Dogecoin’s claim to fame

The underlying technology and consensus mechanism all come from Litecoin. It’s an inflationary coin with an unlimited supply. At the time of writing, the network has a total token supply of 132.6 Billion DOGE, with around 5 billion Dogecoins created yearly. Dogecoin was initially sought out as an online tipping medium for YouTubers, Redditors, and other digital content creators; thus, a small token denomination supported this niche utility. Despite all this, Dogecoin currently trades on all the major exchanges and is a top 10 coin by market cap.

Dogecoin’s claim to fame

Dogecoin gained notoriety and significant gain in 2019 (at the time of the bull market) when Binance, arguably the biggest exchange globally, decided to list it on its site.

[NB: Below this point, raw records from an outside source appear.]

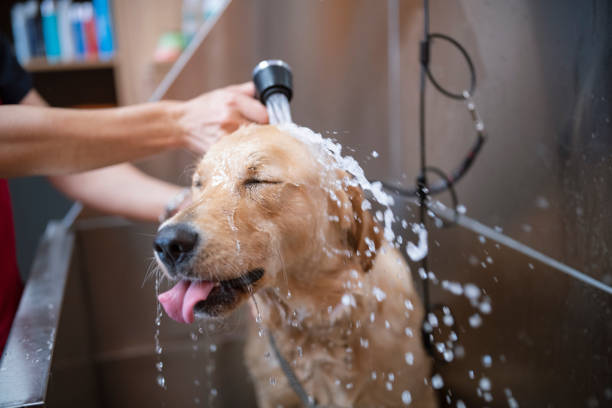 Understanding The Daily Routine and Need of Your Dog's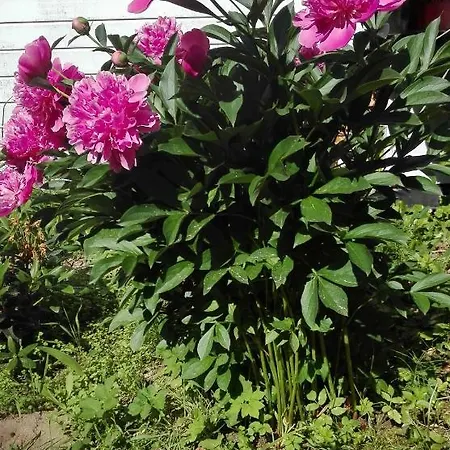 Dom W Jablonkach Wakacje, Kaszuby, Chmielno, Sznurki Gwiezdna 24 Casa vacanze Chmielno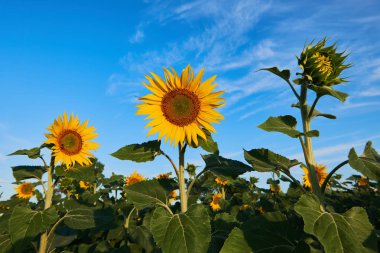 Güzel ayçiçeği çiçekleri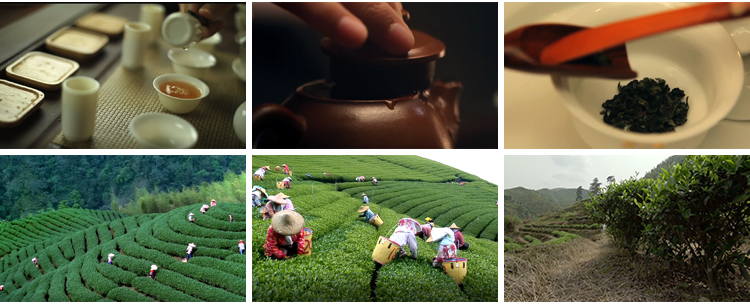 茶园采茶嫩绿色茶树特写茶艺文化茶道泡茶山红茶喝茶采摘视频素材插图10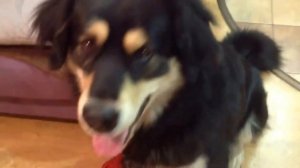 Хорошо с хотошо. Поиски колбасы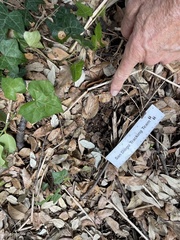 Sciurus carolinensis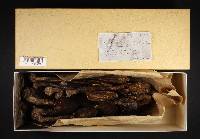 Podaxis pistillaris image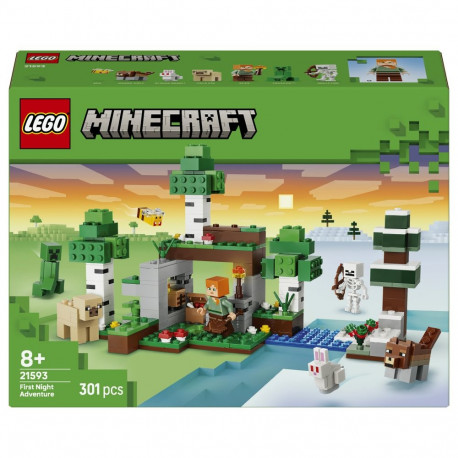 LEGO komplekt 21593 Minecraft esimene öine seiklus (2.5.)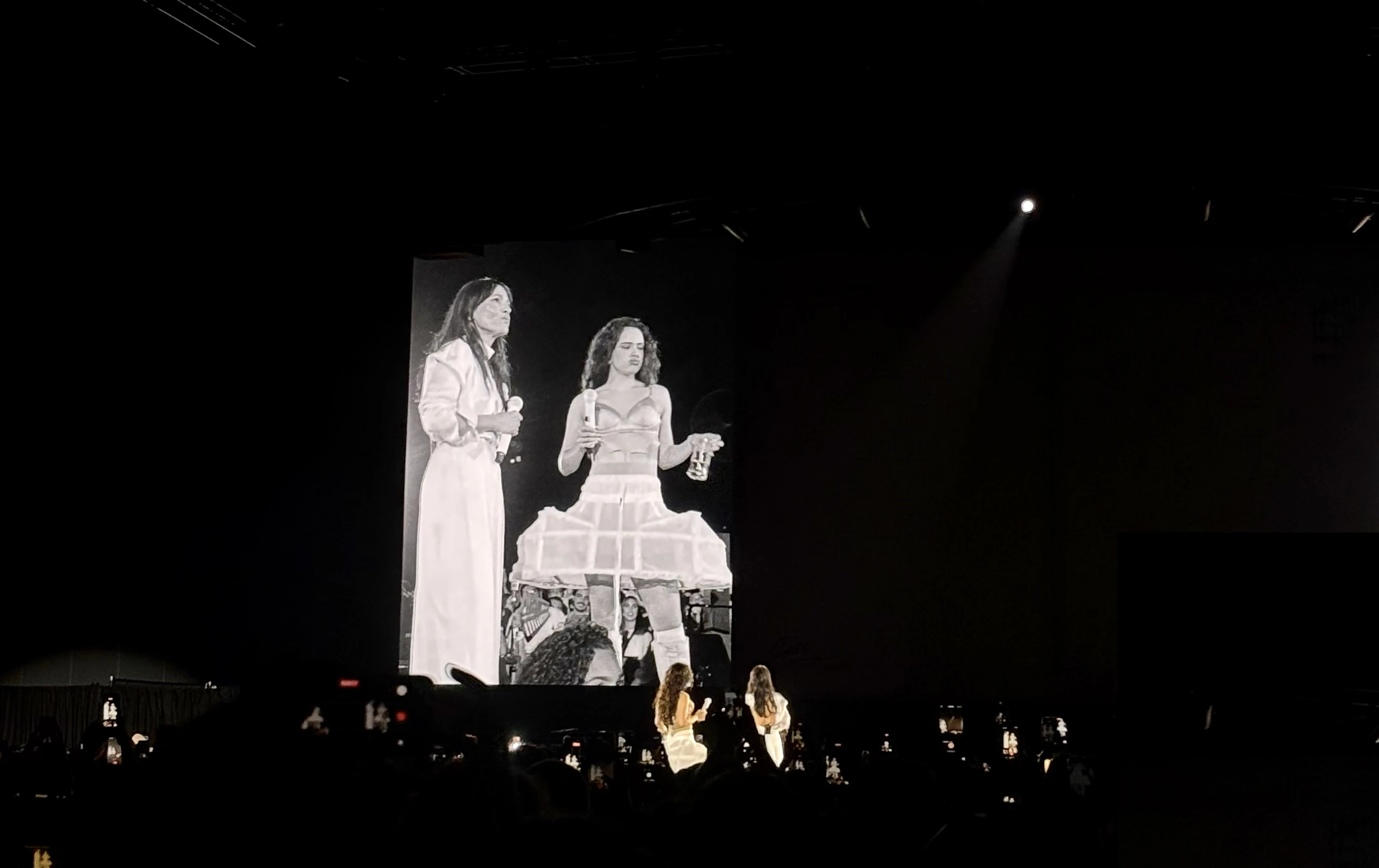 Rosal&iacute;a e Carminho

On the week of listing and prior, the doge price soared by 40%, though the most increase in popularity and gains were to be made in the bull market in May 2021, as Google trends illustrate.

Elon Musk, CEO of Tesla and self-proclaimed meme-lord, was a significant driving factor in the popularity and price momentum of Dogecoin. In 2021, through his announcement that Tesla purchased $1.5 billion worth of Bitcoin, his tweets significantly influenced the price and overall market sentiment of Bitcoin.

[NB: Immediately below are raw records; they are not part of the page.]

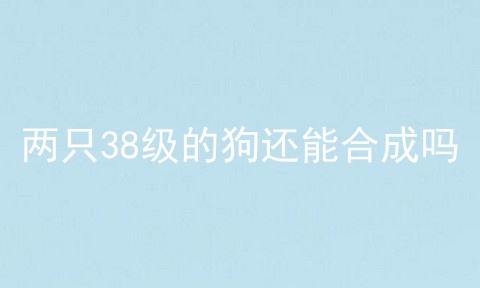 两只38级的狗还能合成吗
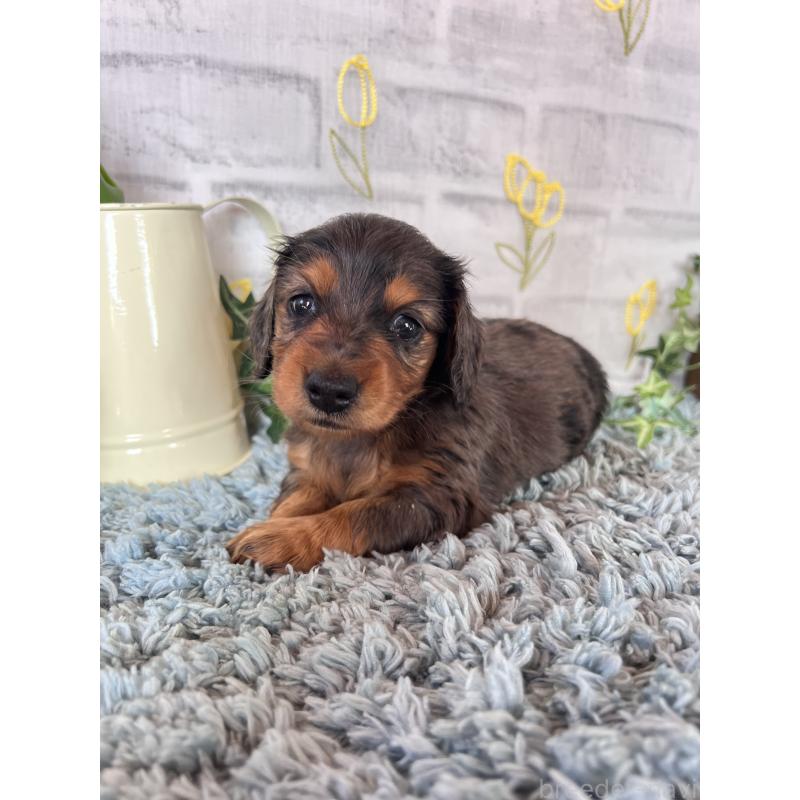 販売中の埼玉県のミニチュアダックスフンド(ロングヘアード)-443165の9枚目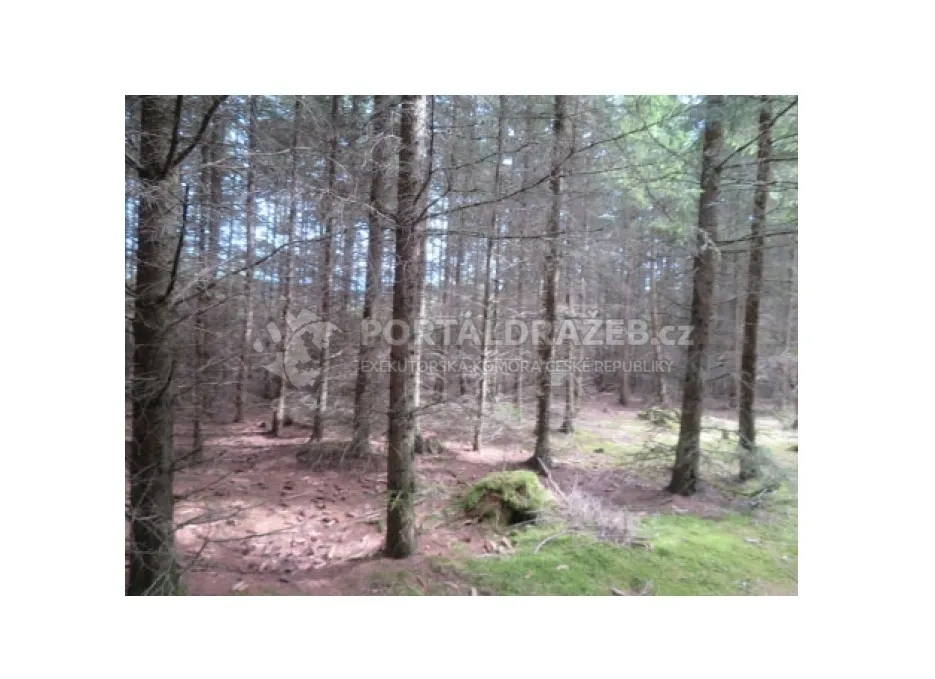 Lesní pozemek 19.643 m2, podíl 1/2, k.ú. Nová Ves u Světlé nad Sázavou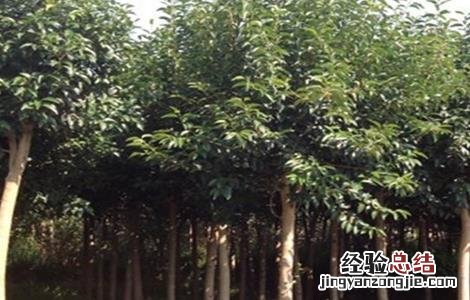 女贞子的繁殖方法 女贞子的繁殖方法有哪些
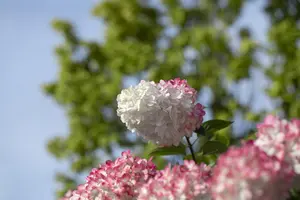 Hydrangea pan. 'Vanille Fraise'? - STEM 180 CM, GIRTH 6-8 CM C20 - image 2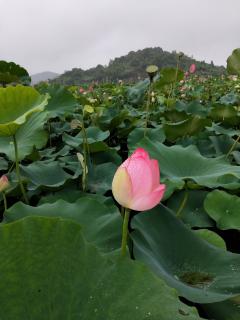 “虫草”鸡汤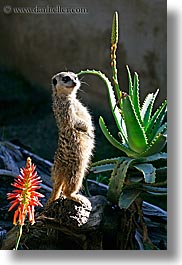 images/California/SantaBarbara/Zoo/meerkat-3.jpg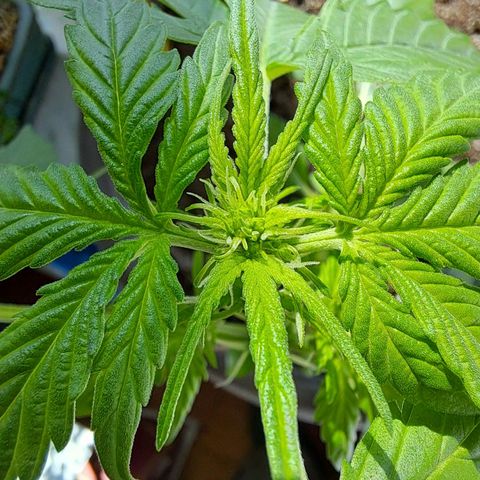 Amnesia Haze Automatic growlog timeline photo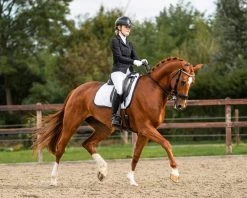 PresTeq Saddle Pad PerformNow -Equestrian Supplies Online Shop 00006741W 4 218010392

So what does this have to do with Dogecoin? Well, as you are aware, this one man has a noticeable effect on the market, and there is one coin he endorses above all else: that being, Dogecoin. Through a series of tweets, Elon Musk rallied the price by 33% after accepting doge payments for Tesla-branded merch. More importantly, Elon Musk announced his appearance on SNL in April 2021. As a result, DOGE skyrocketed 220% in the lead-up to the event, leading to an all-time high of $0.78. Doge, of course, was due for a heavy correction. In true “buy the rumour, sell the news” fashion, Doge plummeted 60% from the point Elon said the word Dogecoin on live television.

Rise of the clones

“Two things are infinite: the universe and human stupidity.” 

Albert Einstein

The fame of Dogecoin saw the rise of copycat coins. These are meme coins with large uncapped supplies and tokenomics similar to Dogecoin. Shiba Inu is a notable copycat that was able to get enough traction to reach a listing on Binance. The price rose from $0.000007 to $0.00008, a monstrous 11x gain in the space of a month. Many named it the Doge killer, yet now the hype is over SHIB trades at $0.00001. During the peak of the bull run in early April 2021, the concept of meme coins (dubbed “shit-coins”) was rampant. Safemoon, Cumrocket, Feed Every Gorilla, and Shiba Inu are a few of the projects that saw astronomical gains. With the surge of such rogue projects came a wave of scammers and rug pulls; many gains were made at the expense of naive investors. 

The Aftermath

After the hype over Dogecoin died down, the bull market’s correction, and the bloodbath of copycat coins, many saw Dogecoin for what it truly was: a meme. A report in August 2021 by chainalysis showed that only 535 entities held 82% of Dogecoin’s total supply; as you might imagine, this super-concentrated level of whale holdings isn’t sustainable in the long run. In the desolate grave of “crashed and burned” meme coins, Dogecoin remains king. However, the king of meme coins is nothing to brag about and is not an area I personally recommend investing in any time soon.